Governo e OIM debateram novas cooperações voltadas às políticas migratórias no Acre. Foto: Wesley Moraes/Repac

O encontro reuniu o secretário da Representação do Governo do Acre em Brasília (Repac), Fabio Rueda, a secretária adjunta de Assistência Social e Direitos Humanos, Amanda Vasconcelos, e representantes da OIM no Brasil.

A reunião teve como principal objetivo discutir novas formas de cooperações entre o governo e a OIM para o desenvolvimento de políticas públicas voltadas ao acolhimento, à assistência e à integração de migrantes que chegam ao Acre.

Secretário Fabio Rueda destacou a relevância na discussão da temática migratória. Foto: Wesley Moraes/Repac

Desde 2010, o estado tem sido porta de entrada para diferentes correntes migratórias, incluindo haitianos, venezuelanos e cidadãos de outras nacionalidades que utilizam rotas terrestres para ingressar no Brasil. Neste período, o Acre estruturou respostas emergenciais e políticas de acolhimento. Atualmente, as cidades de Assis Brasil, Epitaciolândia e Rio Branco contam com abrigos temporários para receber os estrangeiros.
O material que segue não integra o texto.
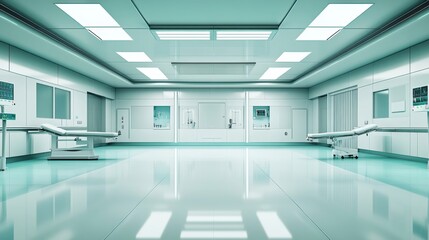Empty, Sterile Operating Room Interior View with Gurney Beds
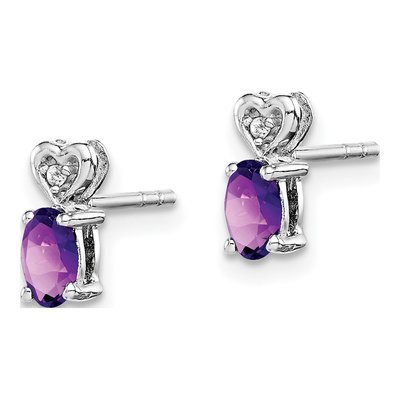 Sterling Silver Oval Amethyst & Diamond Girls' Heart Stud Earrings – view 3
Durante o encontro, o secretário Fabio Rueda destacou a importância da articulação para o enfrentamento do tema. “O Acre tem uma experiência acumulada muito significativa na recepção de migrantes, mas é fundamental fortalecer parcerias com organismos internacionais como a OIM. Essa cooperação amplia nossa capacidade de resposta e garante mais dignidade no atendimento a essas pessoas”, afirmou.

Amanda Vasconcelos, secretária adjunta de Assistência Social e Direitos Humanos, explicou o trabalho realizado pelo Estado no acolhimento dos estrangeiros. Foto: Wesley Moraes/Repac

A secretária adjunta Amanda Vasconcelos reforçou o compromisso do Estado com ações voltadas a ajuda humanitária. “Estamos trabalhando para consolidar uma rede de atendimento que assegure direitos e promova a inclusão social dos migrantes. O apoio técnico e institucional da OIM é essencial para avançarmos nesse processo com mais eficiência e sensibilidade”, pontuou.

Eugênio Guimarães, representante da OIM, destacou que o organismo internacional atua no Acre desde 2024. Foto: Wesley Moraes/Repac

O oficial nacional de projetos da OIM, Eugênio Guimarães, destacou que o órgão atua no Acre desde 2024. “Queremos potencializar e agregar os serviços que já estão sendo realizados no estado. A parceria com o governo do Estado é de suma importância nesse processo e queremos trazer novas experiências exitosas que estão sendo aplicadas pelo mundo nesta área de mobilidade humana”, declarou.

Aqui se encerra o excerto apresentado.